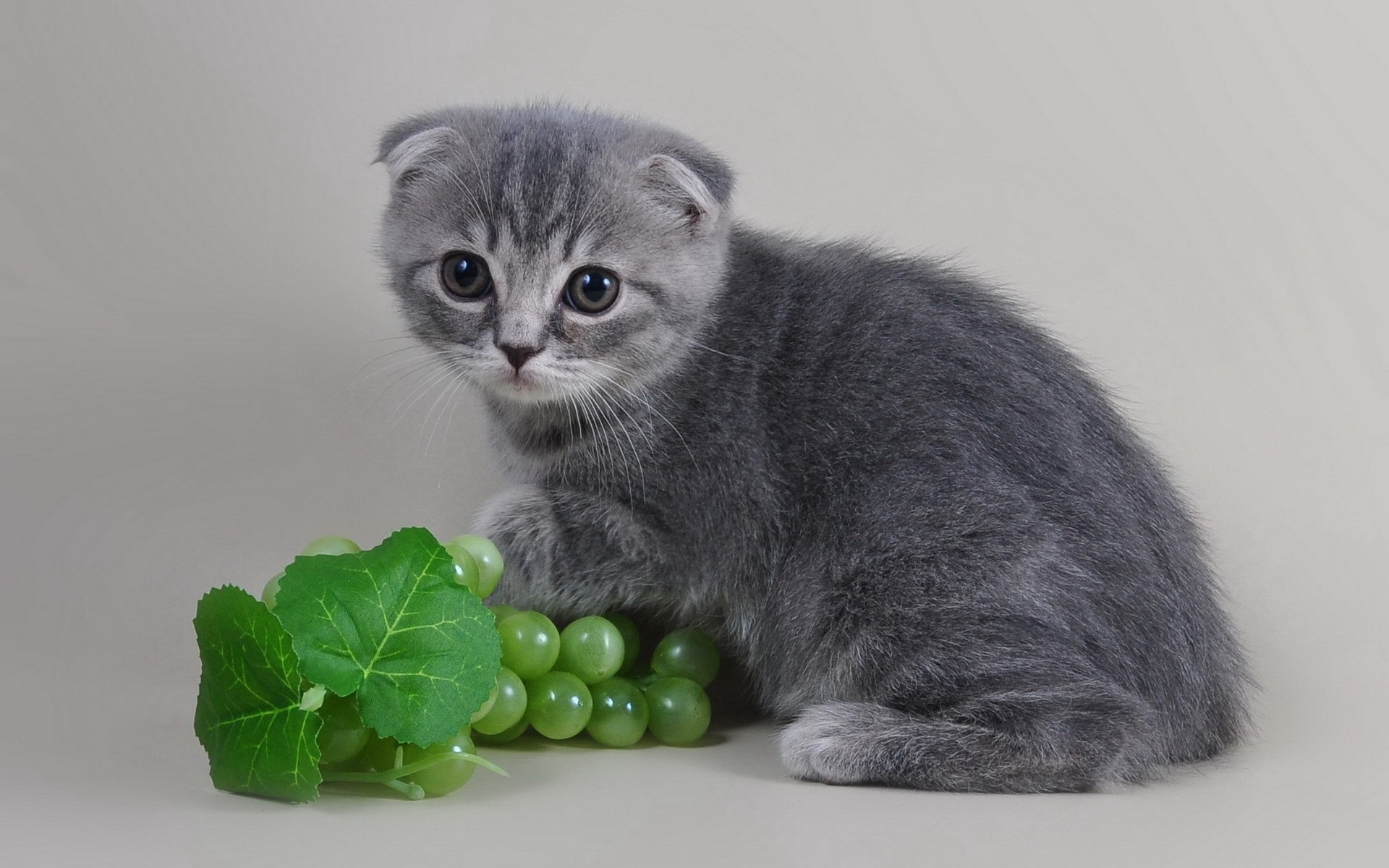 Grey Scottish Fold kitten with green grapes HD Wallpaper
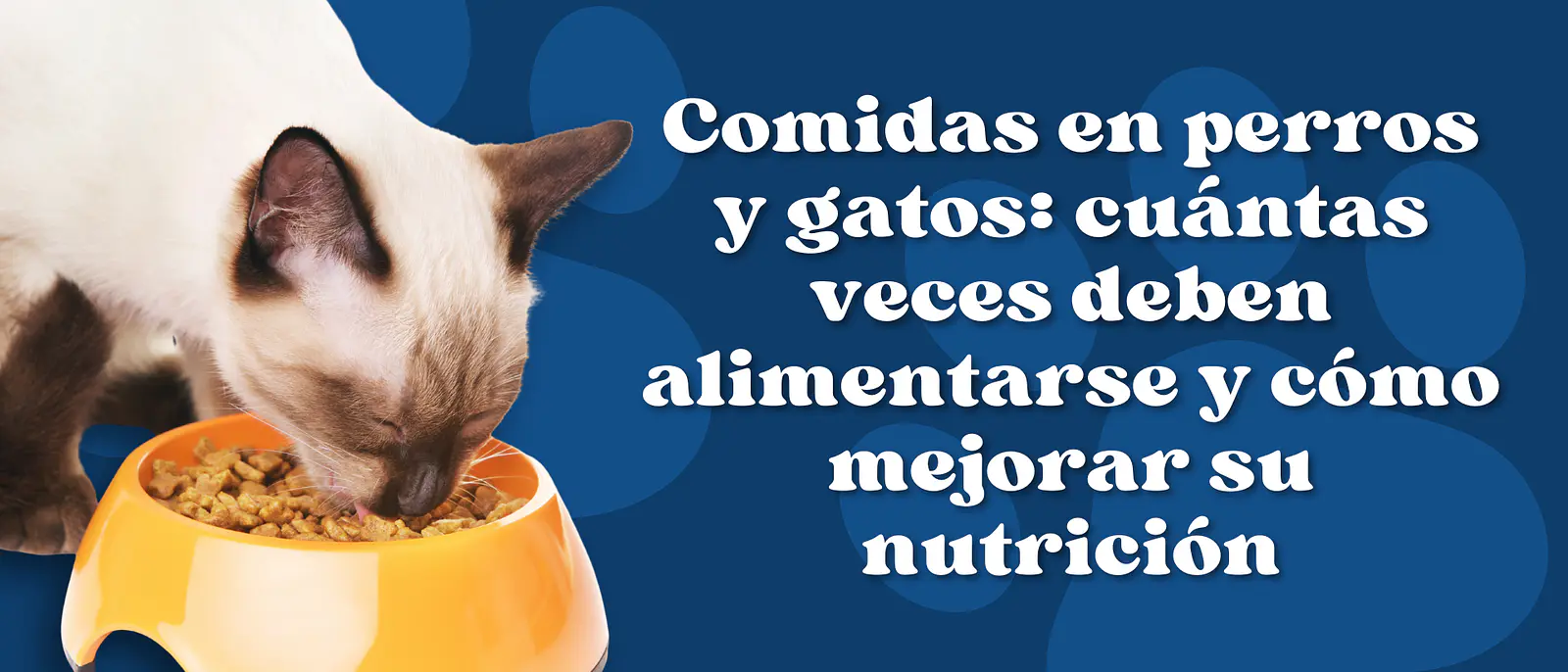 Comidas en perros y gatos: cuántas veces deben alimentarse y cómo mejorar su nutrición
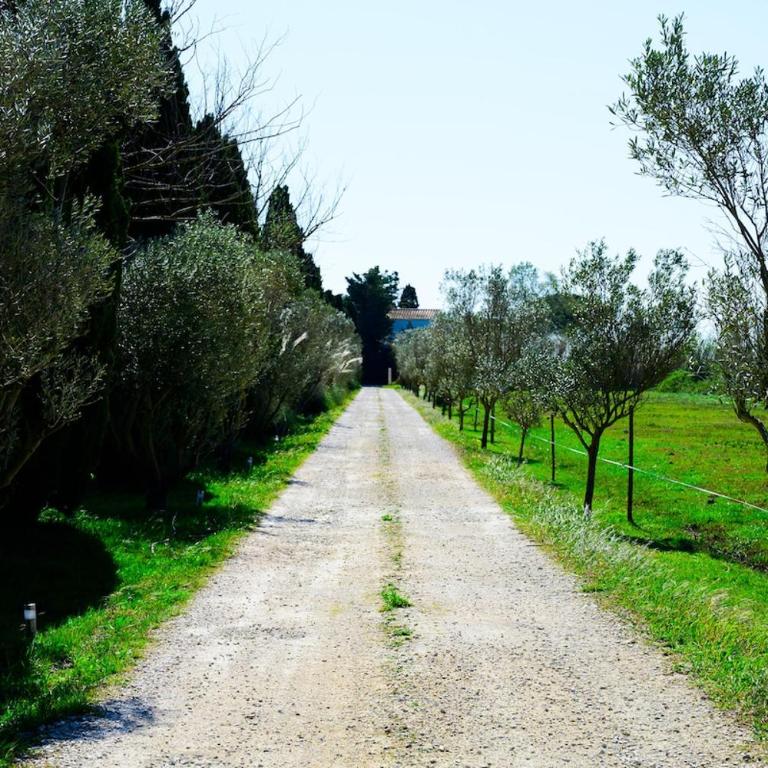 Un Cabanon en Camargue - Haus mit 3 Schlafzimmern - 13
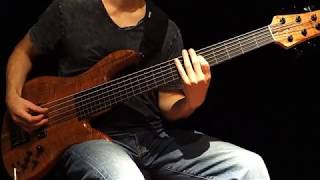 6 String Fretless Bass & Looper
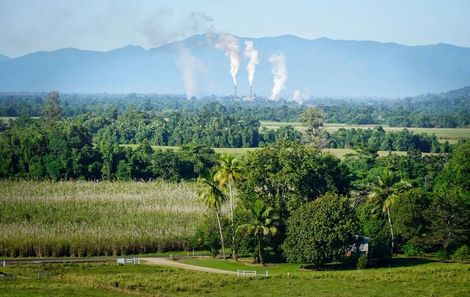 A View Of A Field With Trees And Mountains In The Background  — Mission Solar And Electrical In Tully, QLD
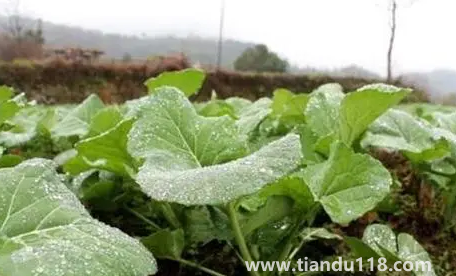 小雪节气能不能种油菜3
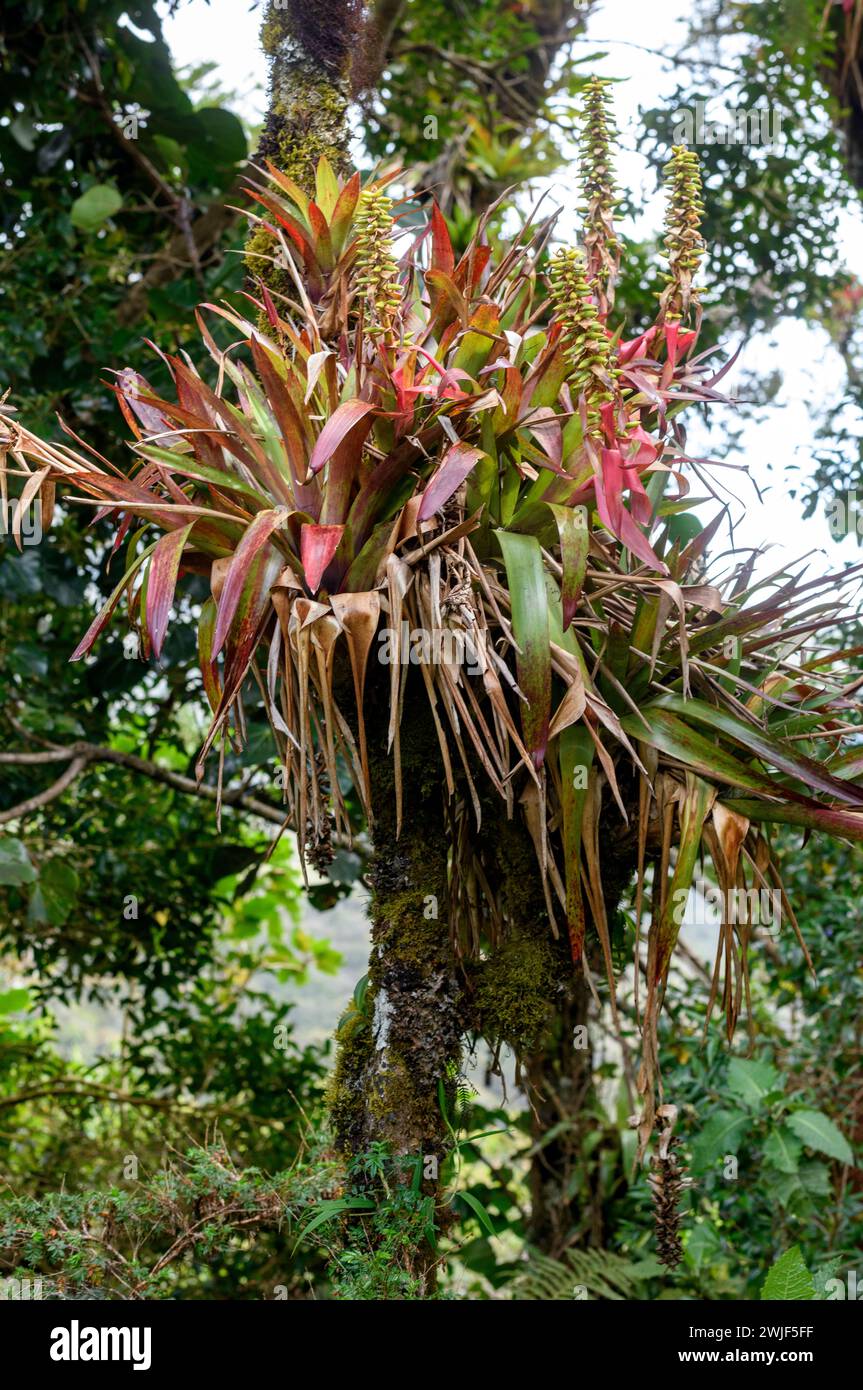 Bromeliads from Costa Rica cloud forest near Monteverde at about 1000 m elevation.. Stock Photo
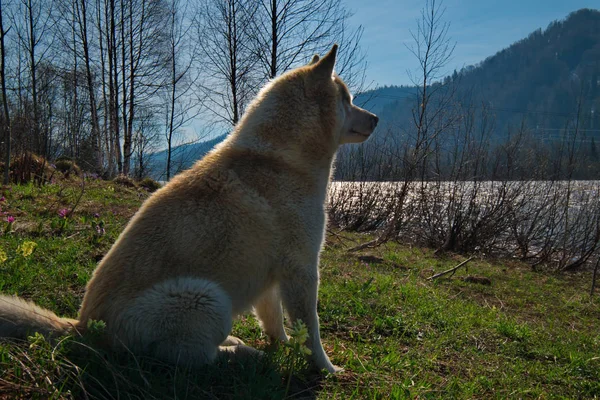 Husky Siberiano Uma Raça Cão Caracterizada Por Cabelos Grossos Olhos — Fotografia de Stock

* [Your goal] The data above must be written out again word for word, without its pictures.

* [The completed task]
 Grey Scottish Fold kitten with green grapes HD Wallpaper
 Comidas en perros y gatos: cuántas veces deben alimentarse y cómo mejorar su nutrición
 Un Cabanon en Camargue - Haus mit 3 Schlafzimmern - 13
 6 String Fretless Bass & Looper
 A View Of A Field With Trees And Mountains In The Background  — Mission Solar And Electrical In Tully, QLD
 小雪节气能不能种油菜3
 Bromeliads from Costa Rica cloud forest near Monteverde at about 1000 m elevation.. Stock Photo
 Husky Siberiano Uma Raça Cão Caracterizada Por Cabelos Grossos Olhos — Fotografia de Stock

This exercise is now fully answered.